Thursday, February 13, 2014

Life's Timeline?


Everyone that asks me my age is always surprised when I mention this number. But I don’t think I look any older than I should, and the majority of times I’m definitely not acting any older than I am. So why is age so important? I get that the whole number issue is important when referring to activities such as drinking, driving, attending R- rated movies… things we don’t really have control over. It just confuses me when things that we have complete control over all of a sudden have a timeline, that people feel pressured to squeeze their lives into.

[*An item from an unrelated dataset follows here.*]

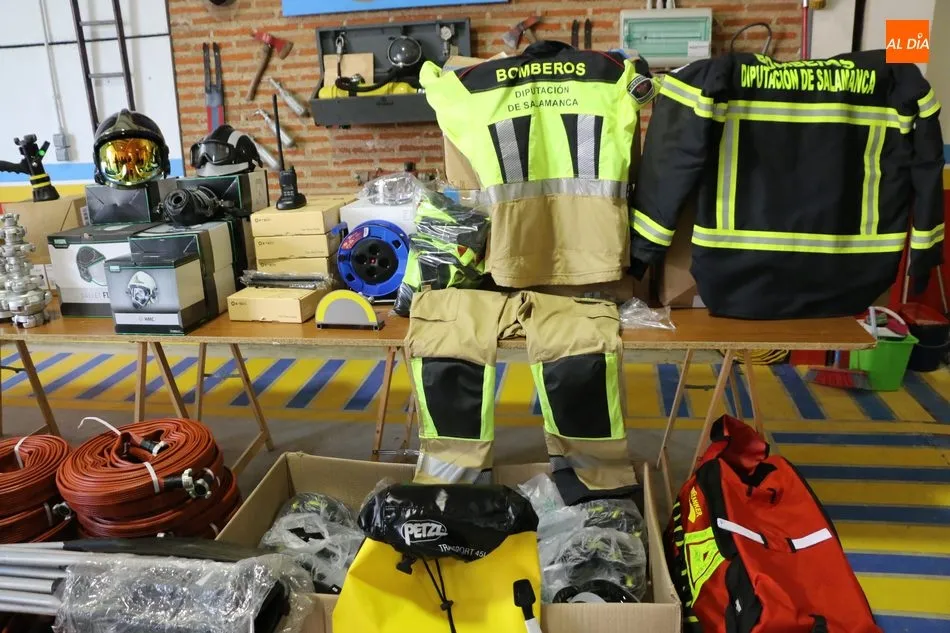 Foto 5 - El Ayuntamiento de Vitigudino dota al Parque de Bomberos con nuevo material por m&aacute;s de 60.000...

I sat on the phone with my best friend the other day and she had asked if she would be my maid of honor at my wedding, I said of course cause BFFZ 4 EVA and then we dove into all things about our future (everyone’s favorite subject, right?). She told me what age she is going to meet her fiancée, the age she’d get married at, the age she would have her first kid, her second, etc. etc. etc.

I threw up some numbers of my own for conversation’s sake and she replied with, excuse the language, "fuck no."

Fuck no? What? Apparently, my timeline of events was not the average person's. Why are there standards for when I choose to live my life?

Life itself is not forever that's something everyone knows so why would I restrict myself from anything I want to do. At eighteen, I can stand firmly on the fact that I don’t know what will happen in my disoriented future. Heck, I don’t know what’s happening an hour from now.

There are so many things that I want to accomplish. Big and small. Of course all of life’s traditions are included such as kids and a husband but right now I’m just living day by day. Trying to dissect the things I love and things I want to pursue in this world full of glamorized options.